Problem requirements ->
I would like you to output every record below exactly, apart from the pictures.
Extracted entries Block Start
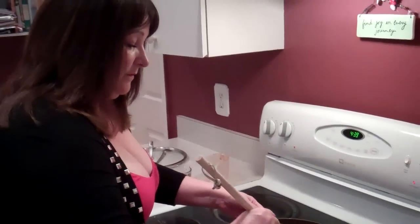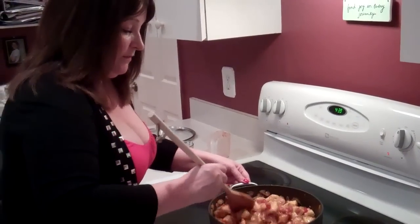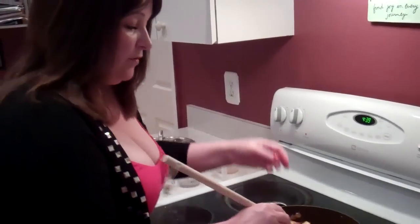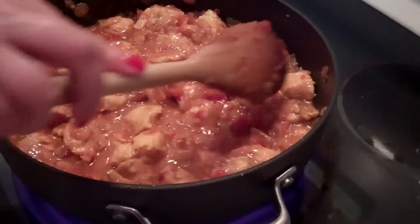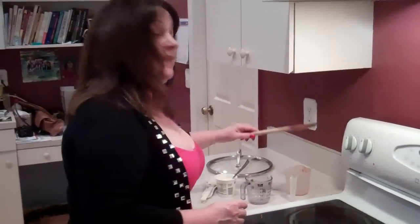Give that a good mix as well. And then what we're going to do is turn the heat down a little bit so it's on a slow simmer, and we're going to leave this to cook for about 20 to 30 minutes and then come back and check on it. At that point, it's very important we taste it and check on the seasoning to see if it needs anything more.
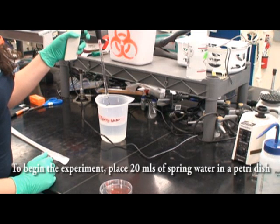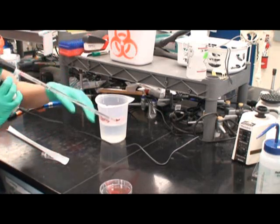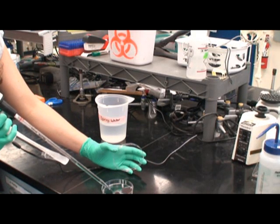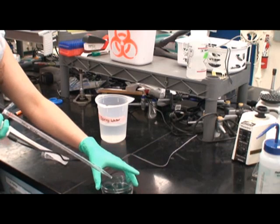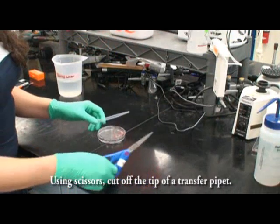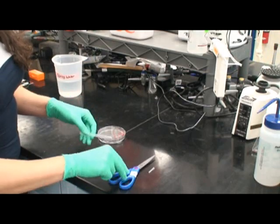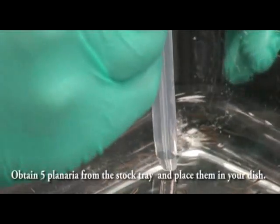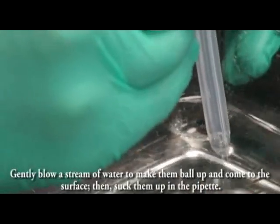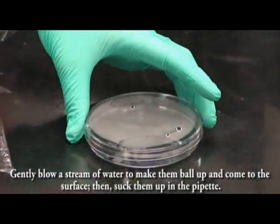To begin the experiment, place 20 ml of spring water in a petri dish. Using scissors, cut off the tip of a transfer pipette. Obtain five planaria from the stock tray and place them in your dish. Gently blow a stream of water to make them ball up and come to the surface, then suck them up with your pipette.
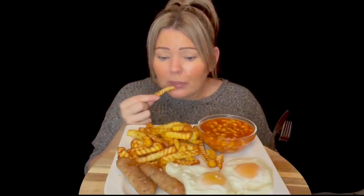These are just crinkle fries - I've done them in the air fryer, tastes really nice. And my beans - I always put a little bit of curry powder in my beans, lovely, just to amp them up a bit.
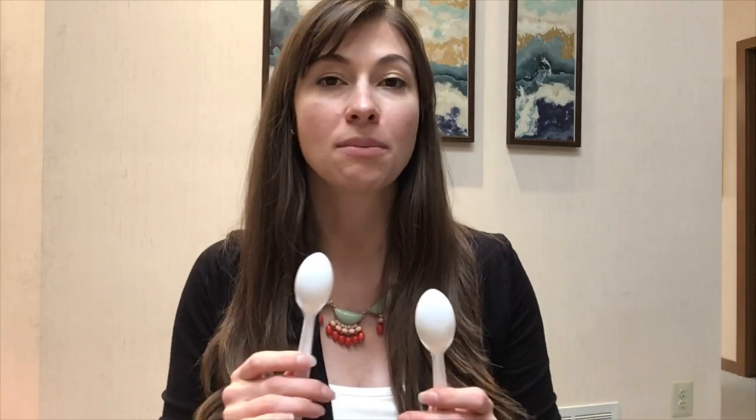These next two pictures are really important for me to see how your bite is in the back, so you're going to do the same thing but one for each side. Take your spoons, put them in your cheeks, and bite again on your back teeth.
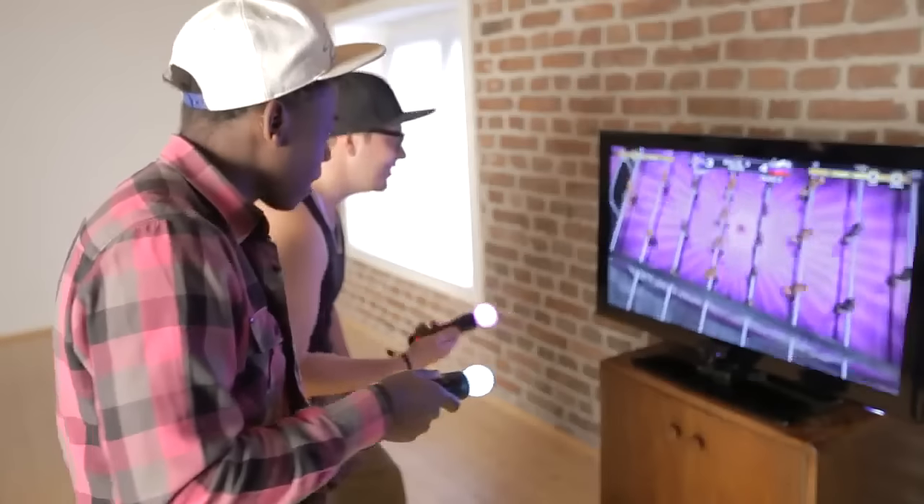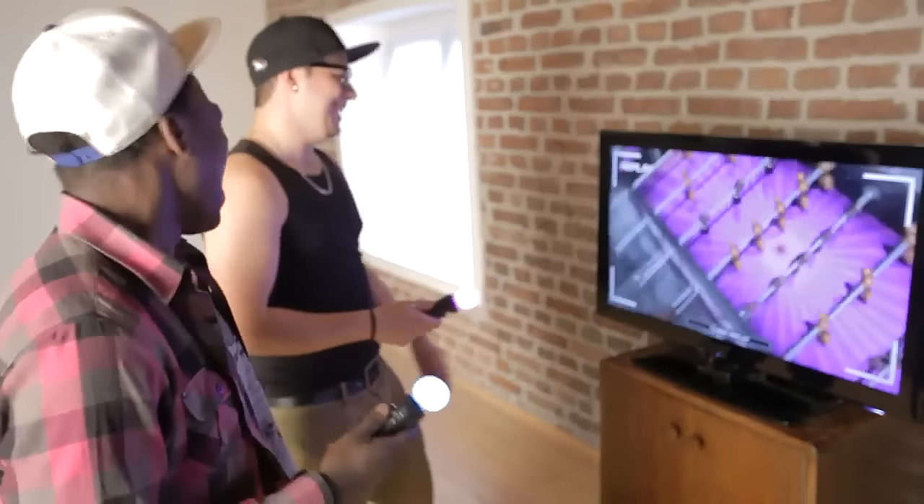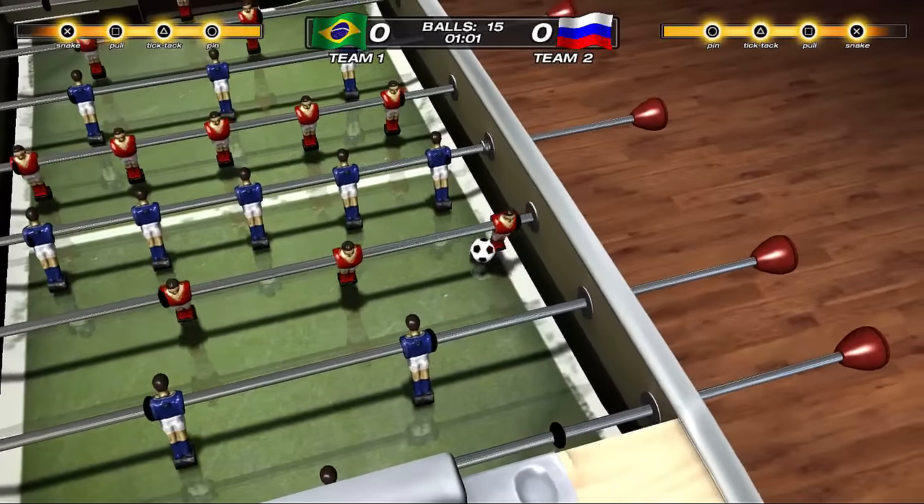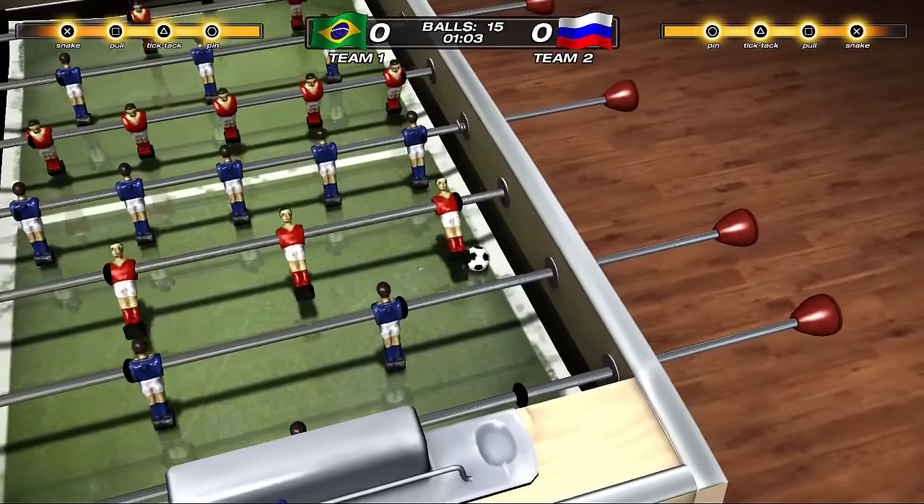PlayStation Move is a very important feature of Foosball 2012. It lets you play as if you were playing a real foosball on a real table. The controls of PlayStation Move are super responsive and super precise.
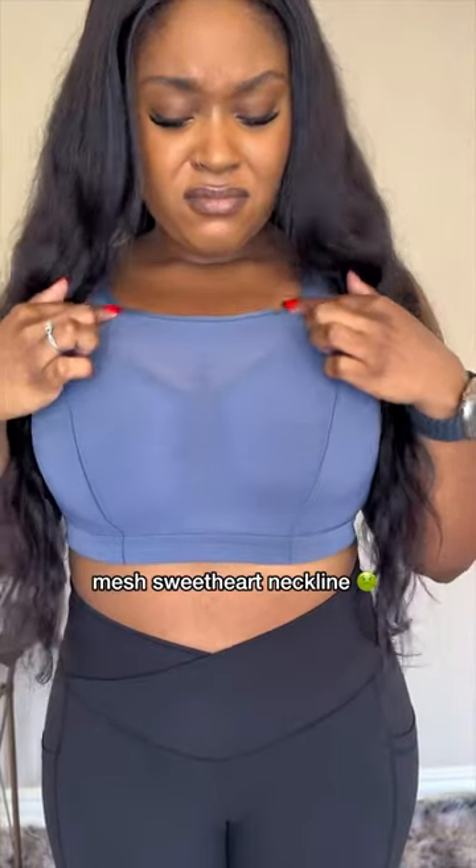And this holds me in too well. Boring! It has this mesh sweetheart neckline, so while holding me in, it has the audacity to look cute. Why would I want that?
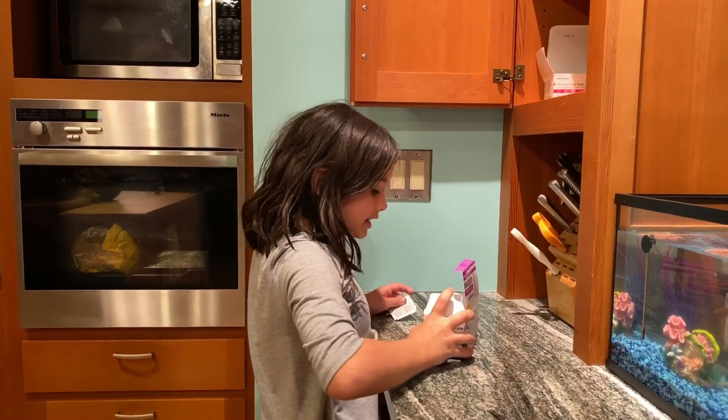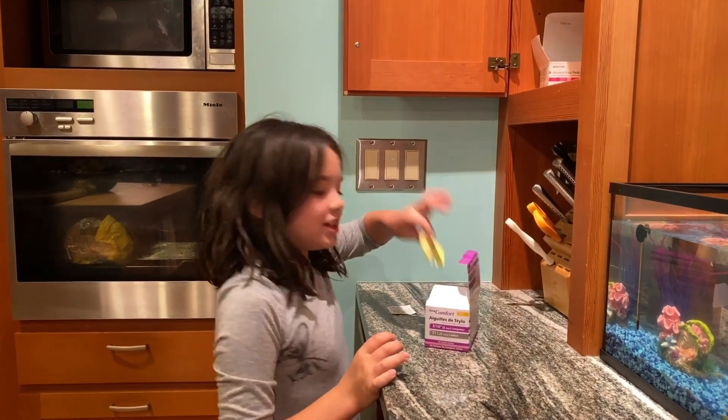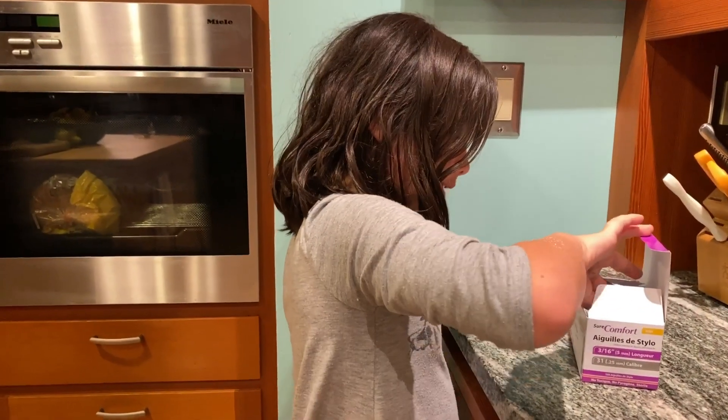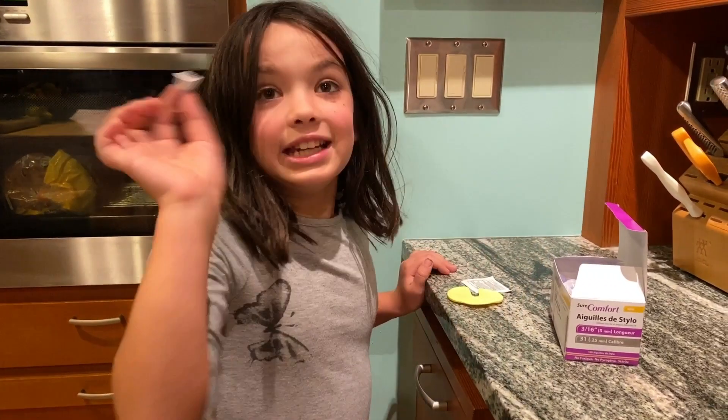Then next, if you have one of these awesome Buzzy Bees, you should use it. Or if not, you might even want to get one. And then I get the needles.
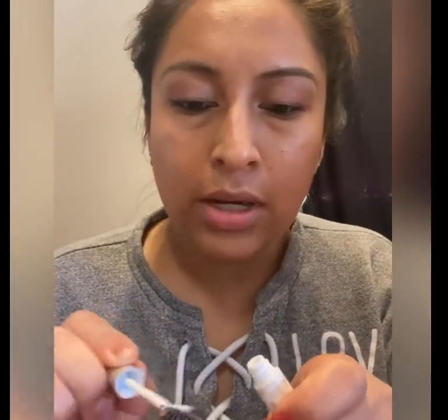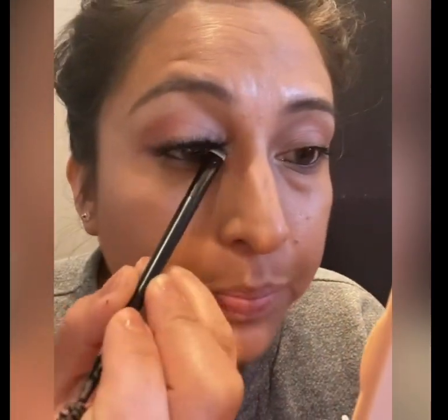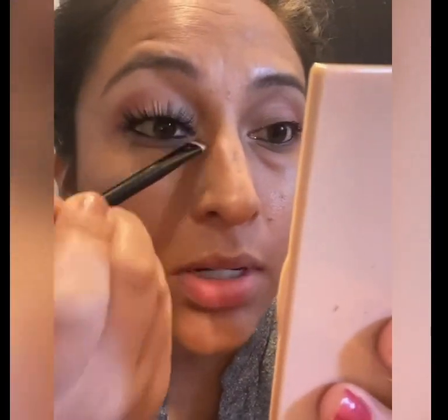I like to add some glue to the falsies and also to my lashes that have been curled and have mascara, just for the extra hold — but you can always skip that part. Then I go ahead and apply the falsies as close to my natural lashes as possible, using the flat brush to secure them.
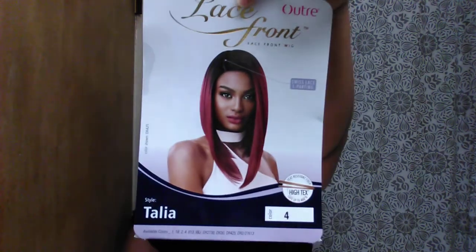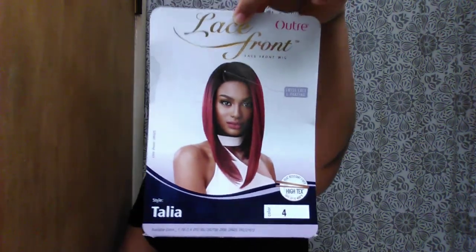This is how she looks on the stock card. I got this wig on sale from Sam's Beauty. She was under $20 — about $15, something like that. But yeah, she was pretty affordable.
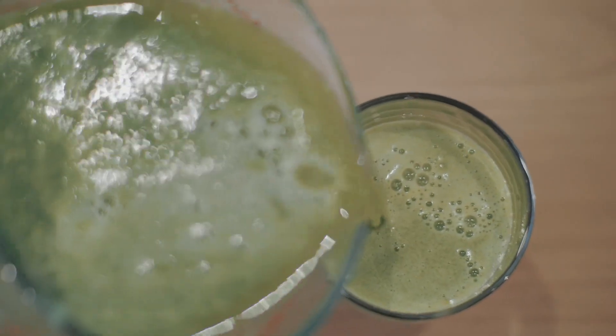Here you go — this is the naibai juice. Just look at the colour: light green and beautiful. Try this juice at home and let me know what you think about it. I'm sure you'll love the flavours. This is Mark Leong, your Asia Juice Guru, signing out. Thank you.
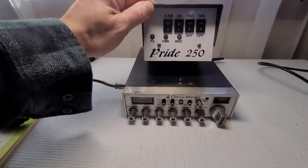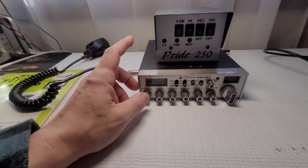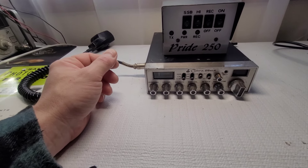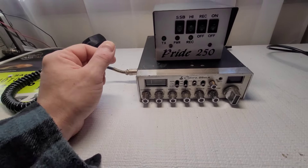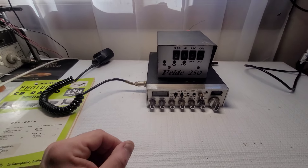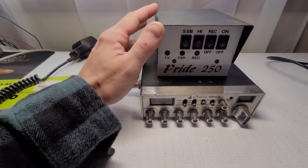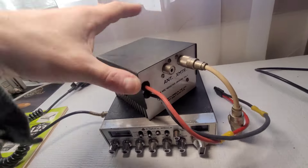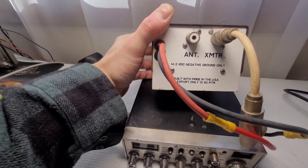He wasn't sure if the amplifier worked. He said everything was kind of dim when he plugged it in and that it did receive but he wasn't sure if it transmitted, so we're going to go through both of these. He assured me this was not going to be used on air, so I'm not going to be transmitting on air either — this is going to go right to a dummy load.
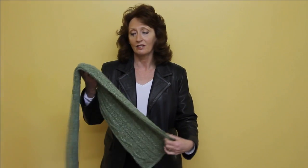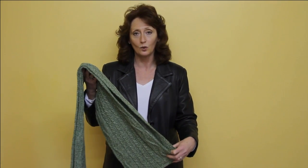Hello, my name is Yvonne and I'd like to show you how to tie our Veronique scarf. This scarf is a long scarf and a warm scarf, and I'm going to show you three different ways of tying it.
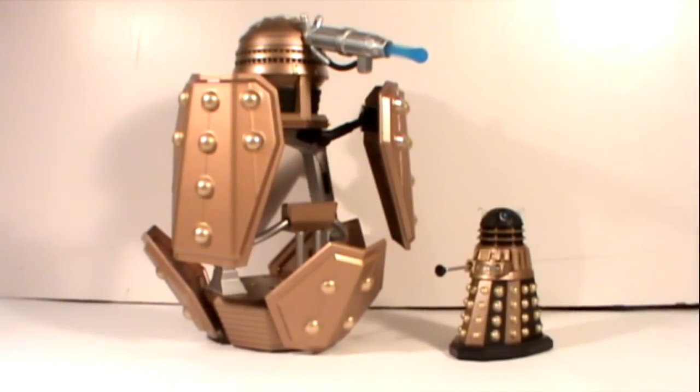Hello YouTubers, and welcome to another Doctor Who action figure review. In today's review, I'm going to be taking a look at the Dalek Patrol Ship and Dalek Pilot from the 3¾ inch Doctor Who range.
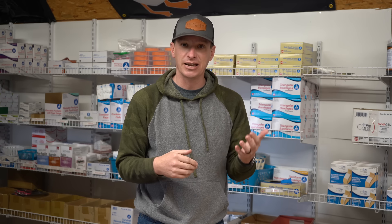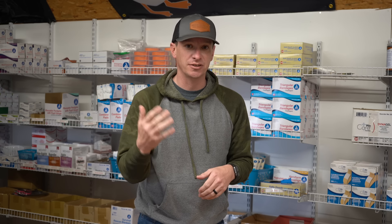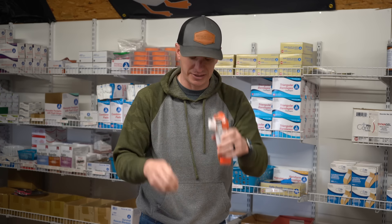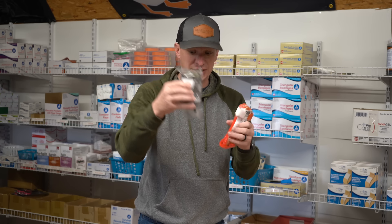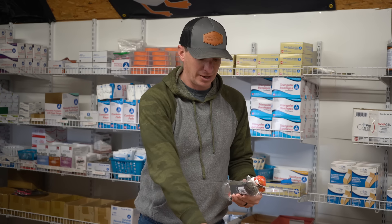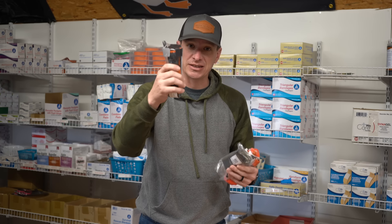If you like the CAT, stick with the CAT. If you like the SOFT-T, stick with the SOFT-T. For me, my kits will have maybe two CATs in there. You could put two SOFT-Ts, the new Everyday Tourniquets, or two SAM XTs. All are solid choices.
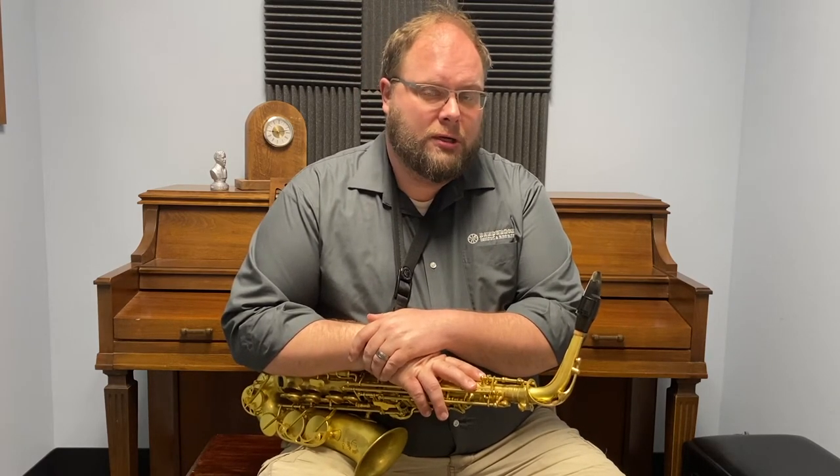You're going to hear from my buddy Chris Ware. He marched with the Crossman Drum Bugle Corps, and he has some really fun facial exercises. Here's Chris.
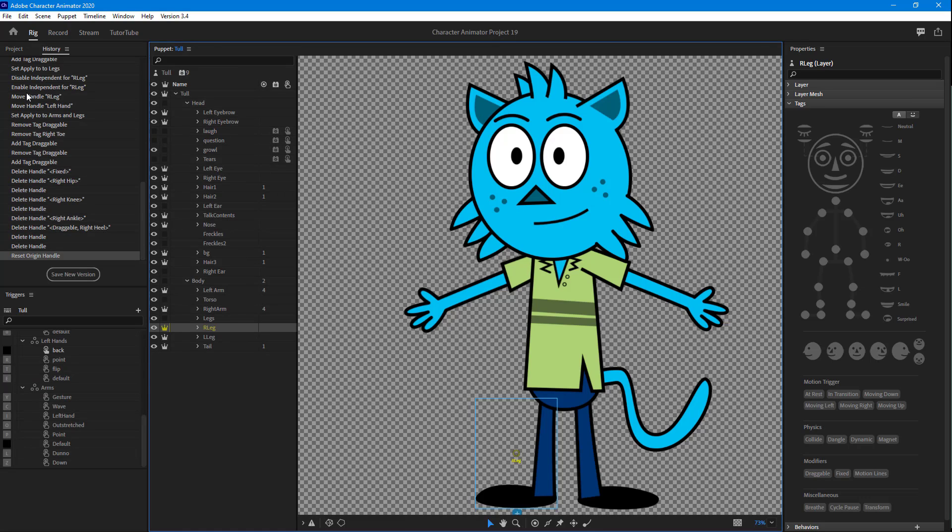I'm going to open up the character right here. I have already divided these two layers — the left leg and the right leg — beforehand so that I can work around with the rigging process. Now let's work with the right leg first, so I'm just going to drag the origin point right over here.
Extracted entries Block End
Response box ->
Give that a good mix as well. And then what we're going to do is turn the heat down a little bit so it's on a slow simmer, and we're going to leave this to cook for about 20 to 30 minutes and then come back and check on it. At that point, it's very important we taste it and check on the seasoning to see if it needs anything more.
To begin the experiment, place 20 ml of spring water in a petri dish. Using scissors, cut off the tip of a transfer pipette. Obtain five planaria from the stock tray and place them in your dish. Gently blow a stream of water to make them ball up and come to the surface, then suck them up with your pipette.
These are just crinkle fries - I've done them in the air fryer, tastes really nice. And my beans - I always put a little bit of curry powder in my beans, lovely, just to amp them up a bit.
These next two pictures are really important for me to see how your bite is in the back, so you're going to do the same thing but one for each side. Take your spoons, put them in your cheeks, and bite again on your back teeth.
PlayStation Move is a very important feature of Foosball 2012. It lets you play as if you were playing a real foosball on a real table. The controls of PlayStation Move are super responsive and super precise.
And this holds me in too well. Boring! It has this mesh sweetheart neckline, so while holding me in, it has the audacity to look cute. Why would I want that?
Then next, if you have one of these awesome Buzzy Bees, you should use it. Or if not, you might even want to get one. And then I get the needles.
I like to add some glue to the falsies and also to my lashes that have been curled and have mascara, just for the extra hold — but you can always skip that part. Then I go ahead and apply the falsies as close to my natural lashes as possible, using the flat brush to secure them.
This is how she looks on the stock card. I got this wig on sale from Sam's Beauty. She was under $20 — about $15, something like that. But yeah, she was pretty affordable.
Here you go — this is the naibai juice. Just look at the colour: light green and beautiful. Try this juice at home and let me know what you think about it. I'm sure you'll love the flavours. This is Mark Leong, your Asia Juice Guru, signing out. Thank you.
He wasn't sure if the amplifier worked. He said everything was kind of dim when he plugged it in and that it did receive but he wasn't sure if it transmitted, so we're going to go through both of these. He assured me this was not going to be used on air, so I'm not going to be transmitting on air either — this is going to go right to a dummy load.
Hello, my name is Yvonne and I'd like to show you how to tie our Veronique scarf. This scarf is a long scarf and a warm scarf, and I'm going to show you three different ways of tying it.
Hello YouTubers, and welcome to another Doctor Who action figure review. In today's review, I'm going to be taking a look at the Dalek Patrol Ship and Dalek Pilot from the 3¾ inch Doctor Who range.
If you like the CAT, stick with the CAT. If you like the SOFT-T, stick with the SOFT-T. For me, my kits will have maybe two CATs in there. You could put two SOFT-Ts, the new Everyday Tourniquets, or two SAM XTs. All are solid choices.
You're going to hear from my buddy Chris Ware. He marched with the Crossman Drum Bugle Corps, and he has some really fun facial exercises. Here's Chris.
I'm going to open up the character right here. I have already divided these two layers — the left leg and the right leg — beforehand so that I can work around with the rigging process. Now let's work with the right leg first, so I'm just going to drag the origin point right over here.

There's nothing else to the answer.